> [Prompt] Copy the listing exactly; drop the pictures.

Segment Start: Data listing

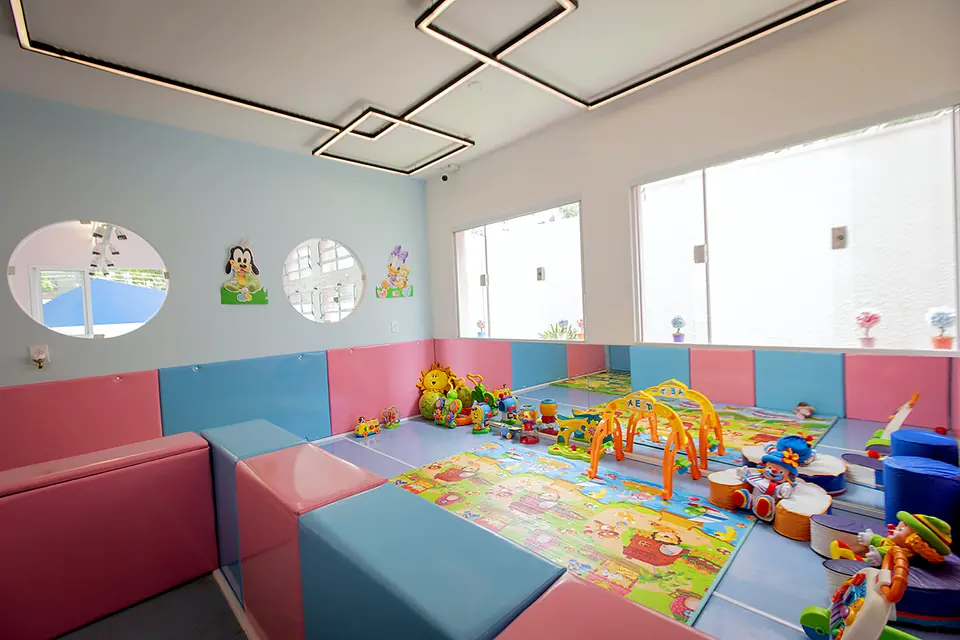 Sala de estimulação com piso e paredes acolchoadas em azul e rosa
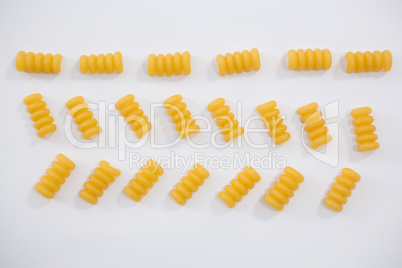 Riccioli pasta arranged on white background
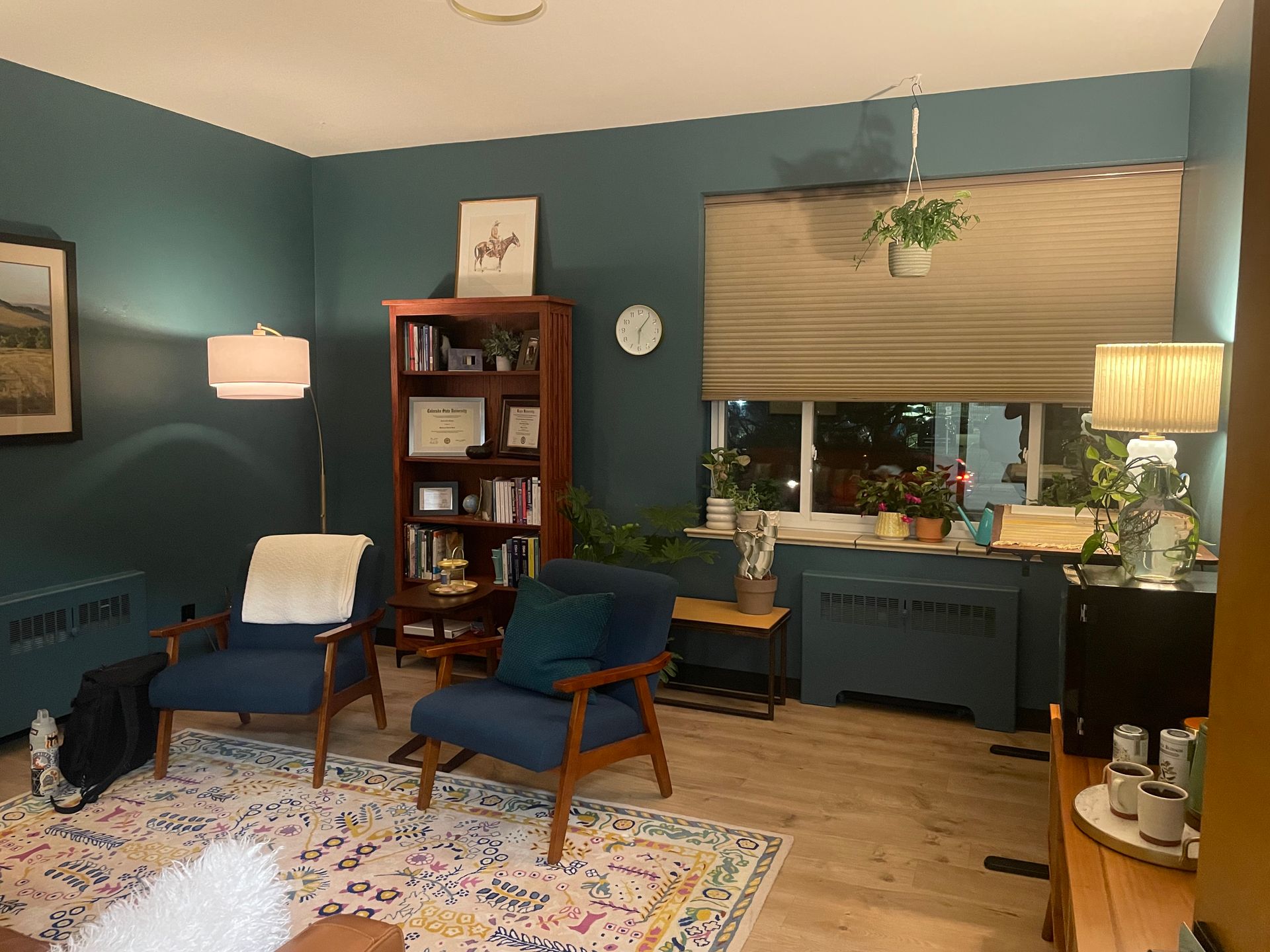 A cozy room with dark blue walls, two blue armchairs, a wooden bookcase, a colorful patterned rug, and warm lighting.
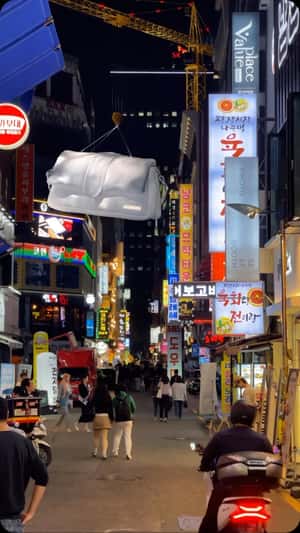 Bag Crane Installation in fake-out-of-home ad of Jacquemus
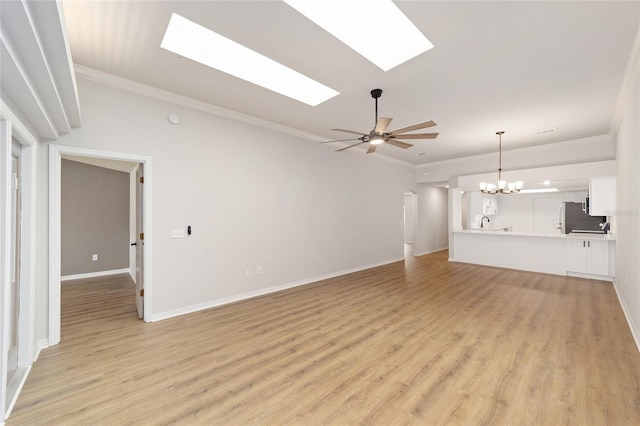 6245 NW 106th Pl Unit 6245, Alachua, FL 32615 - unfurnished living room featuring a skylight, light wood-style flooring, a chandelier, ornamental molding, and baseboards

Segment End: Data listing

> [Expected answer]
 Sala de estimulação com piso e paredes acolchoadas em azul e rosa
 Riccioli pasta arranged on white background
 A cozy room with dark blue walls, two blue armchairs, a wooden bookcase, a colorful patterned rug, and warm lighting.
 Bag Crane Installation in fake-out-of-home ad of Jacquemus
 6245 NW 106th Pl Unit 6245, Alachua, FL 32615 - unfurnished living room featuring a skylight, light wood-style flooring, a chandelier, ornamental molding, and baseboards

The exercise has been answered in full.